● WHAT THIS TASK INVOLVES: When you repeat the entries below, keep each word exactly as it is and drop the pictures.

(Collection entries)
+ + + + + + +
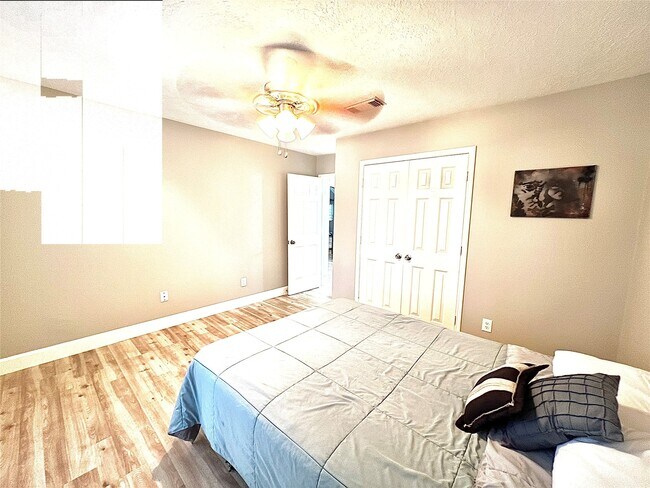 Building Photo - 21106 Rushing Creek Ln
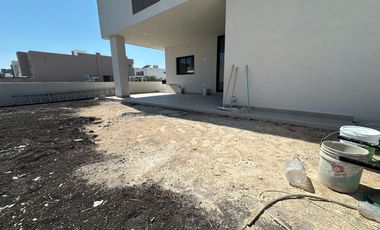Estrena casa con acabados premium y grandes espacios en La Vista
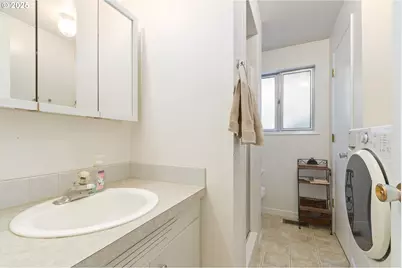 41886 Deerhorn Rd, Springfield, OR 97478 - Photo 15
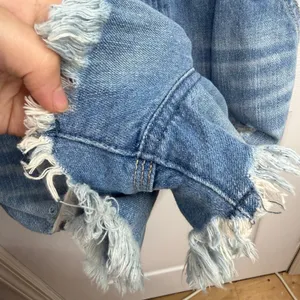 Abercrombie & Fitch blue light‎ wash distressed adjustable pocket short overalls thumbnail 4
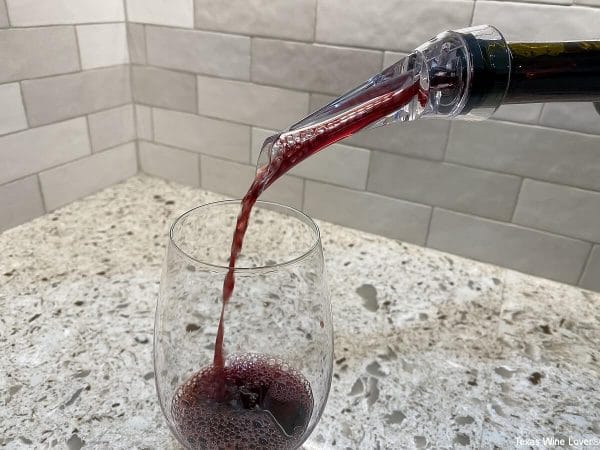 Wine Aerator Pourer pouring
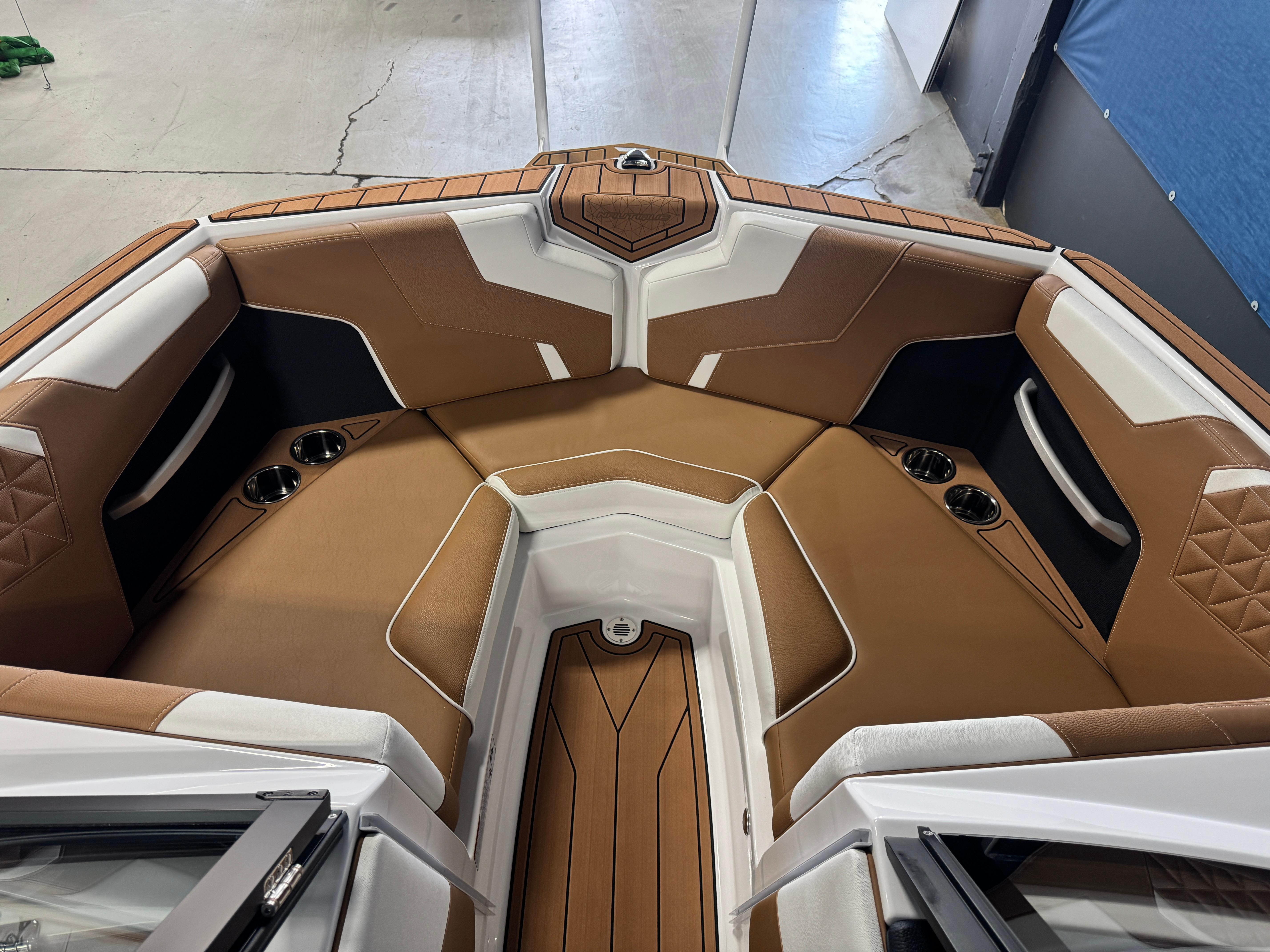 2025 Nautique Super Air Nautique GS20 #N0051K inventory image at Sun Country Marine Group, Irvine 2025 Nautique Super Air Nautique GS20 #N0051K inventory image at Sun Country Marine Group, Irvine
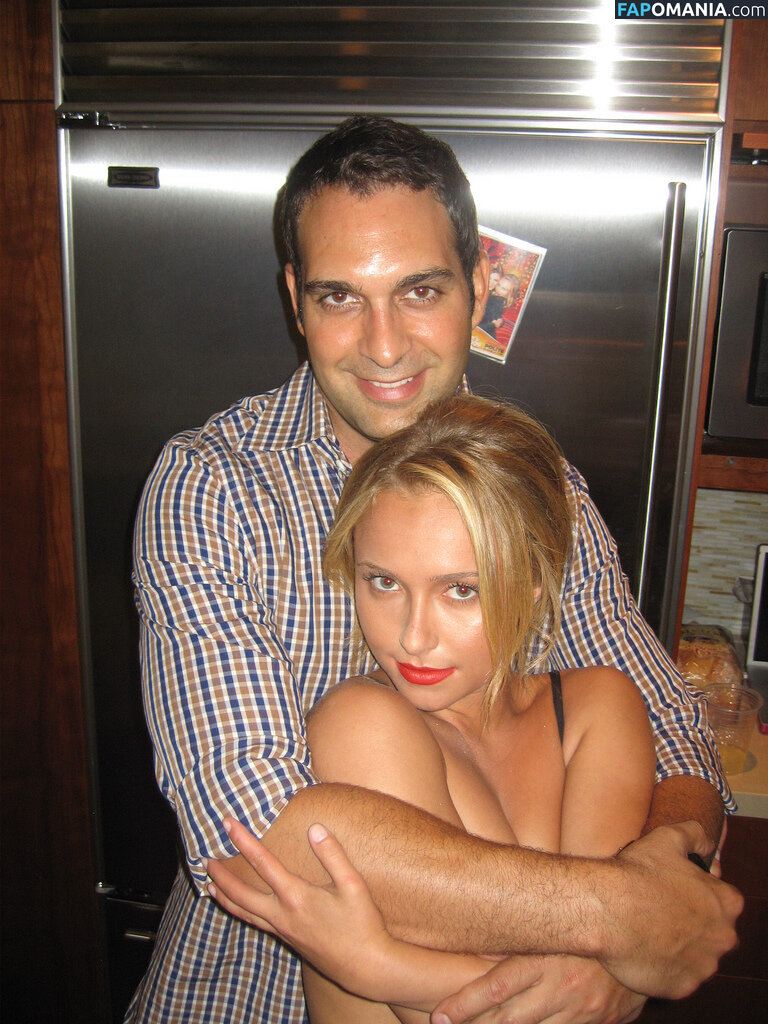 Hayden Panettiere Çıplak Sızdırılmış Fotoğraf #10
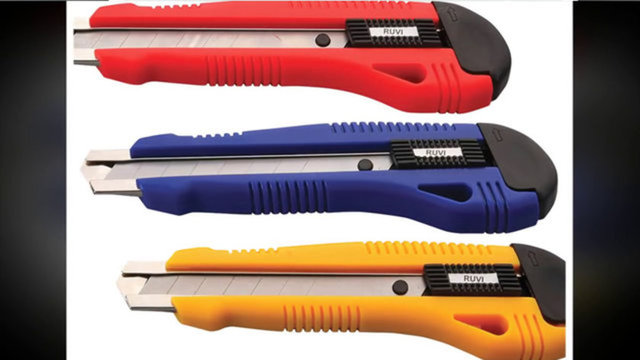 MAKET BIÇAĞININ ARKA KISMINDAKİ YARIKKörelmiş maket bıçağının kırılıp çıkarılması için kullanılır.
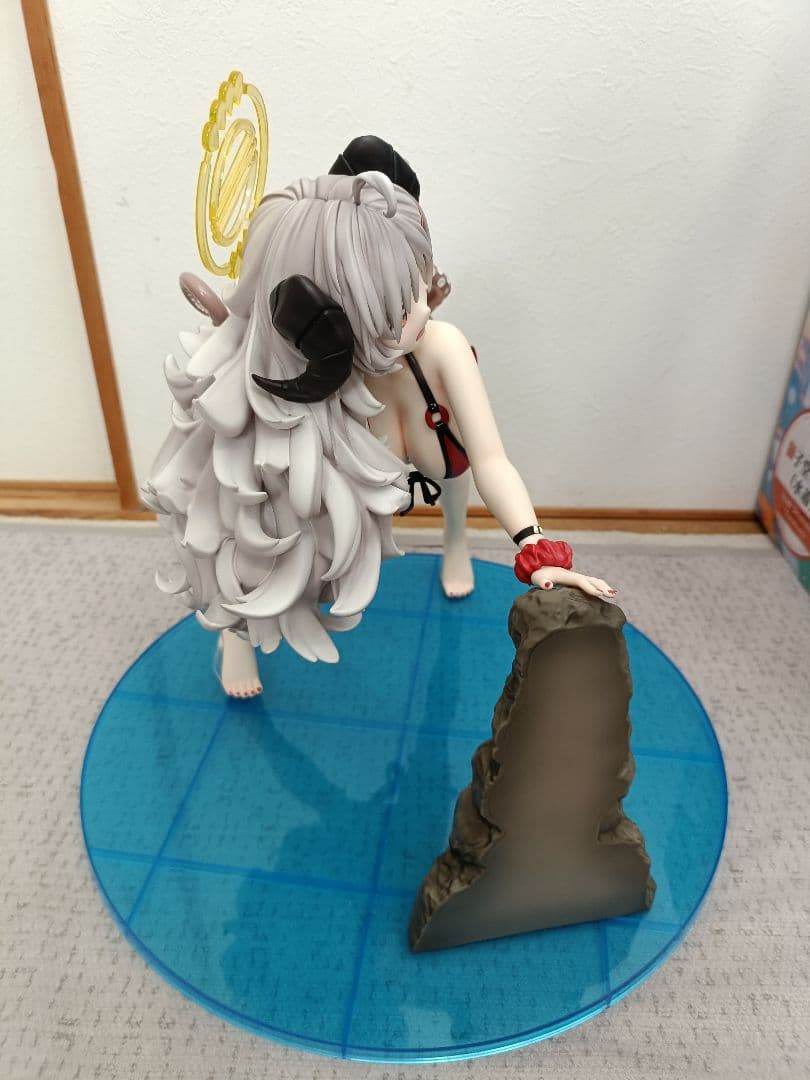 開封済み!!1/4スケールブルーアーカイブ 獅子堂イズミ　フィギュア!!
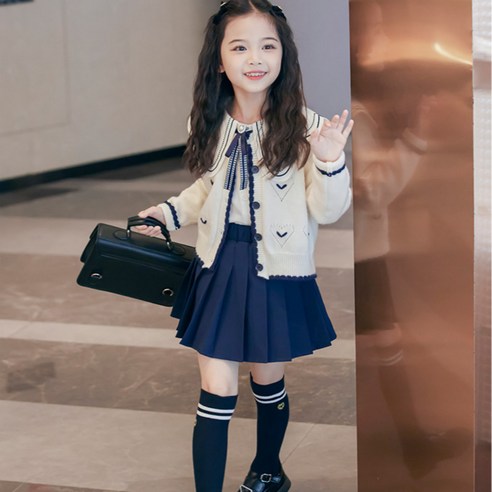 사랑스러운 우리 아이를 위한 완벽한 선택, 몽키카카 여아 주니어 스쿨룩 3종 세트!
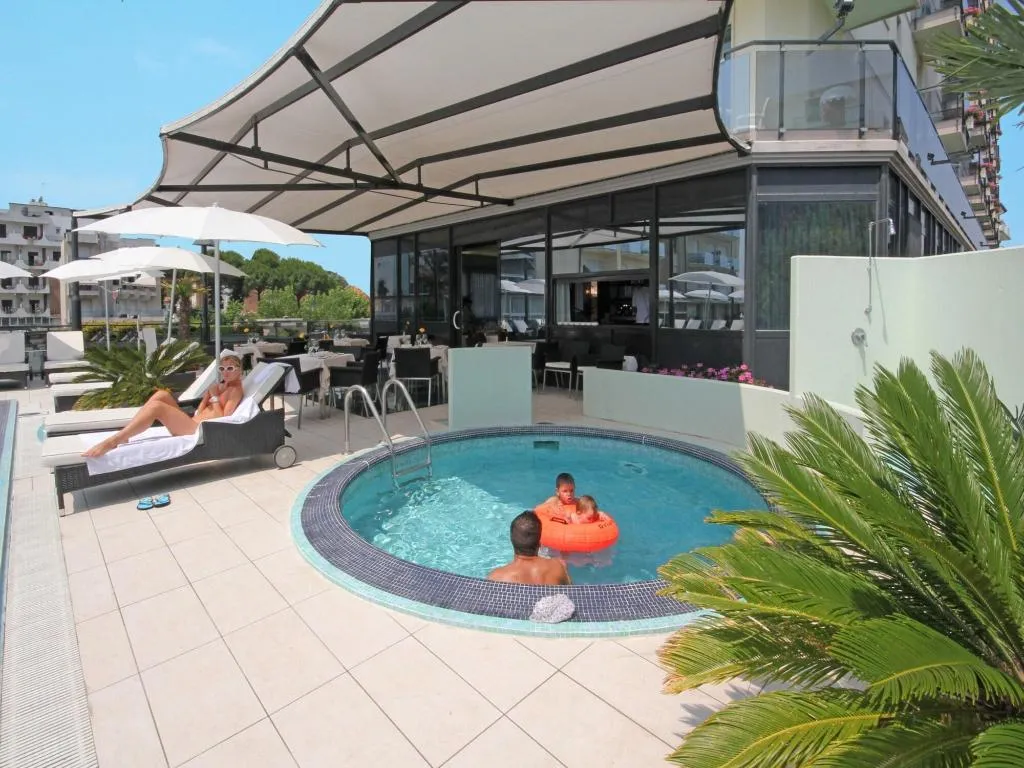 Sports and Entertainment, Hotel Europa, Venice
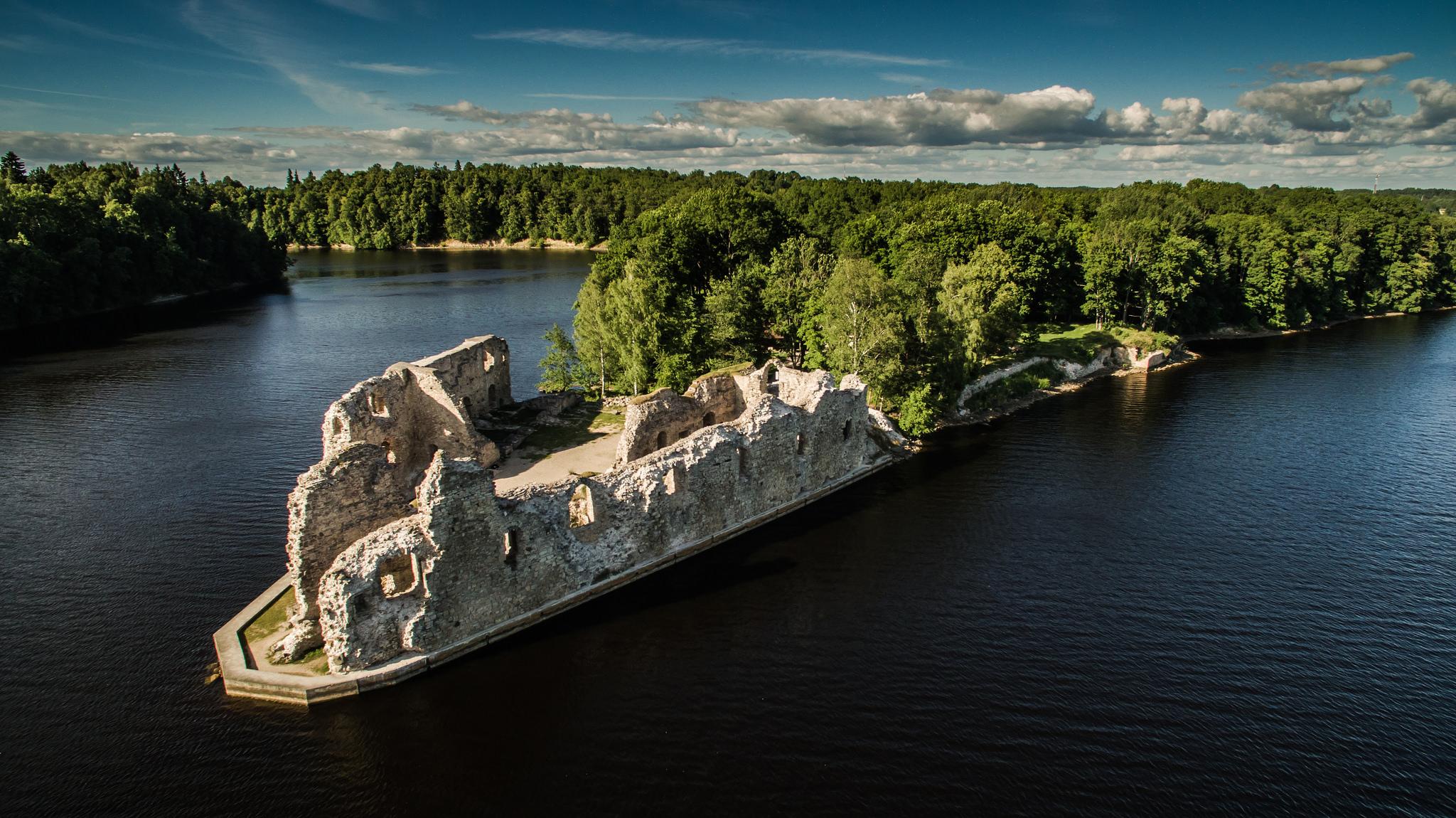 Kokneses viduslaiku pilsdrupas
+ + + + + + +
● SOLUTION TO THE EXERCISE:
 Building Photo - 21106 Rushing Creek Ln
Estrena casa con acabados premium y grandes espacios en La Vista
 41886 Deerhorn Rd, Springfield, OR 97478 - Photo 15
 Abercrombie & Fitch blue light‎ wash distressed adjustable pocket short overalls thumbnail 4
 Wine Aerator Pourer pouring
 2025 Nautique Super Air Nautique GS20 #N0051K inventory image at Sun Country Marine Group, Irvine 2025 Nautique Super Air Nautique GS20 #N0051K inventory image at Sun Country Marine Group, Irvine
 Hayden Panettiere Çıplak Sızdırılmış Fotoğraf #10
 MAKET BIÇAĞININ ARKA KISMINDAKİ YARIKKörelmiş maket bıçağının kırılıp çıkarılması için kullanılır.
 開封済み!!1/4スケールブルーアーカイブ 獅子堂イズミ　フィギュア!!
 사랑스러운 우리 아이를 위한 완벽한 선택, 몽키카카 여아 주니어 스쿨룩 3종 세트!
 Sports and Entertainment, Hotel Europa, Venice
 Kokneses viduslaiku pilsdrupas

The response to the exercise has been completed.